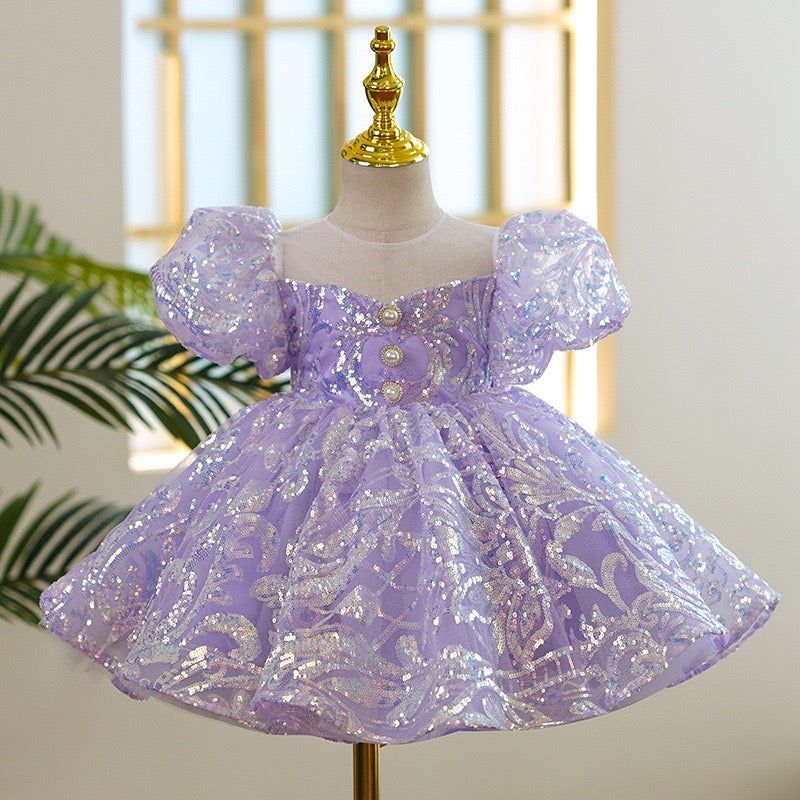 Kids Girl Luxury Glitter Purple Fashion Party dress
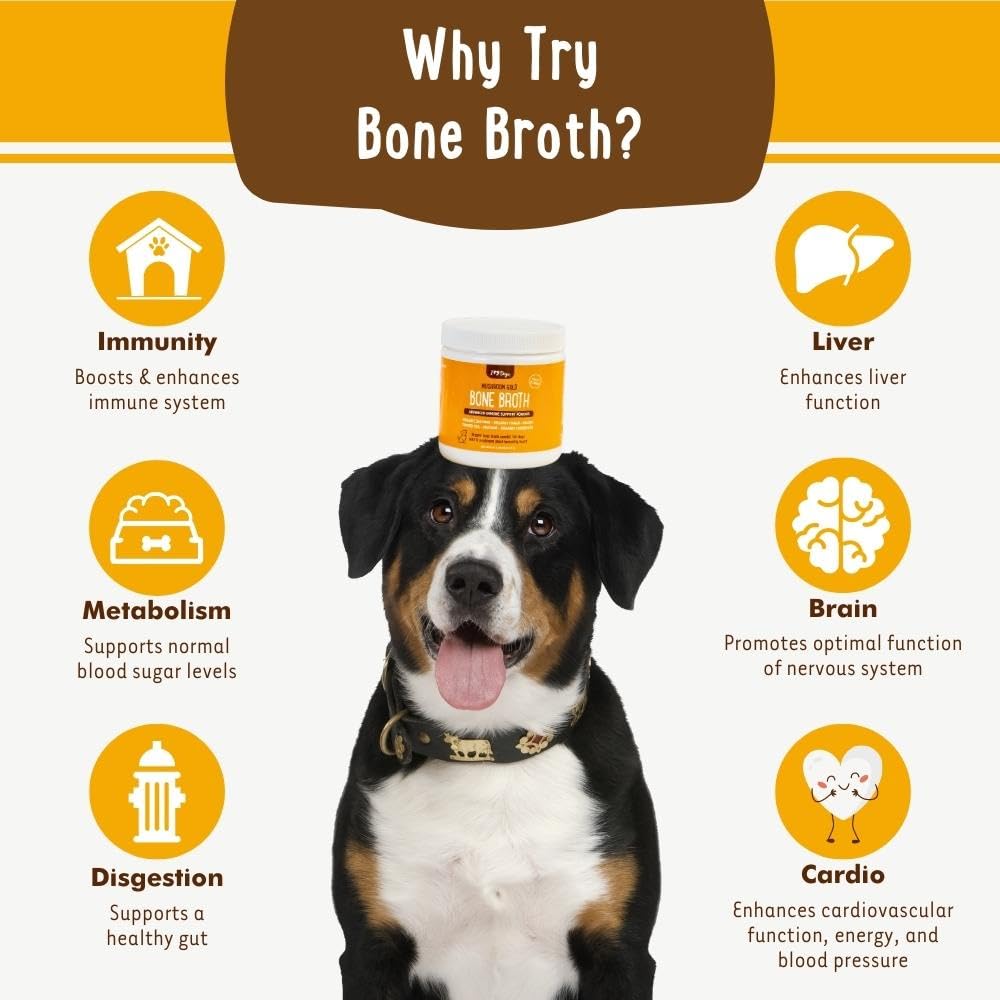 iHeartDogs Bone Broth for Dogs - Bone Broth & Mushroom Gold Powder Supplement for Immune System Support, Improved Mobility & Flexibility and Natural Detox - Turkey Tail Mushroom for Dogs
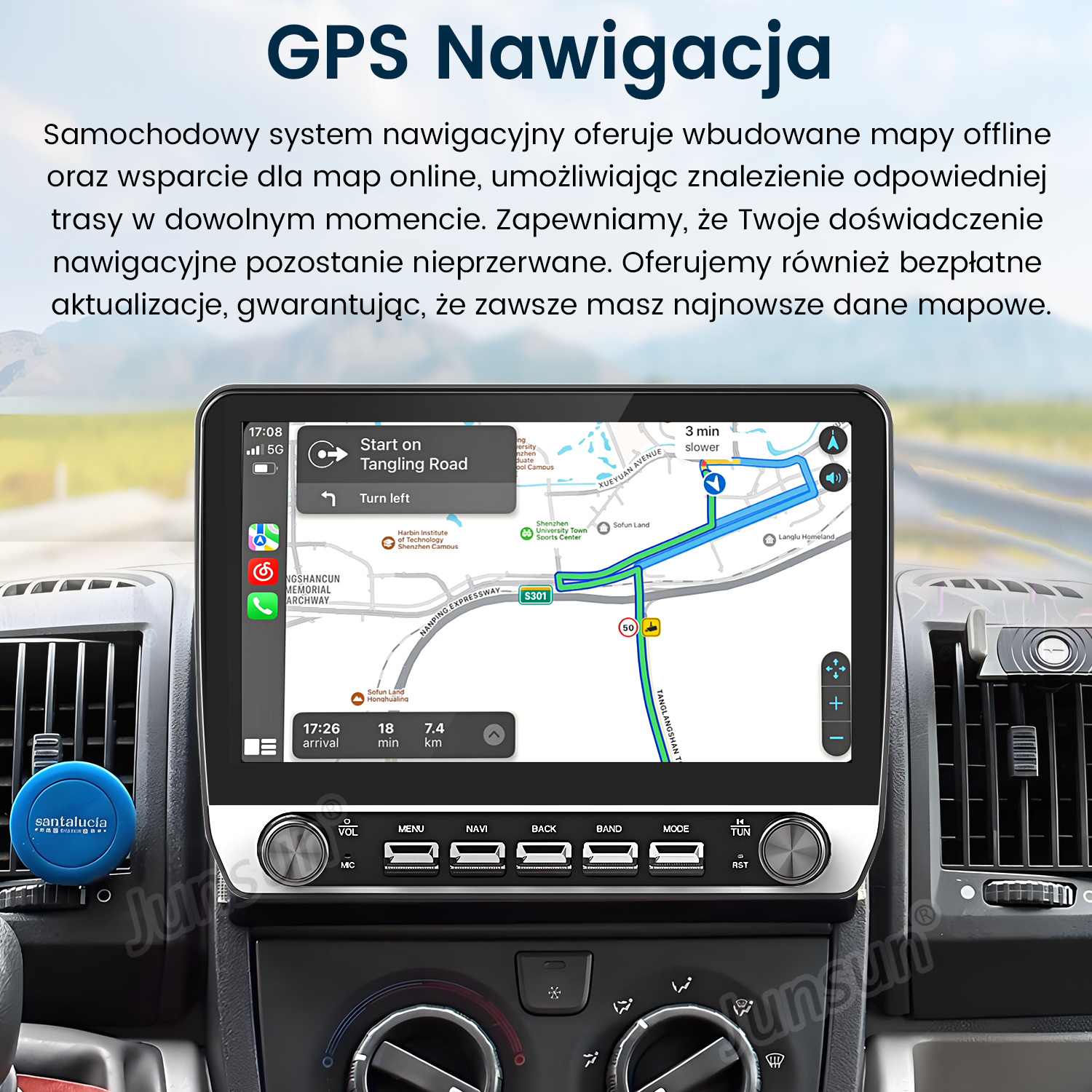 Ekran nawigacji GPS na desce rozdzielczej samochodu pokazujący mapę trasy z niebieskimi i zielonymi liniami. Widoczny wylot powietrza i niebieski obiekt.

PROBLEM REQUIREMENTS =>
From the first line to the last, repeat the data above exactly and leave the pictures out.

TASK RESPONSE =>
 Kids Girl Luxury Glitter Purple Fashion Party dress
 iHeartDogs Bone Broth for Dogs - Bone Broth & Mushroom Gold Powder Supplement for Immune System Support, Improved Mobility & Flexibility and Natural Detox - Turkey Tail Mushroom for Dogs
 Ekran nawigacji GPS na desce rozdzielczej samochodu pokazujący mapę trasy z niebieskimi i zielonymi liniami. Widoczny wylot powietrza i niebieski obiekt.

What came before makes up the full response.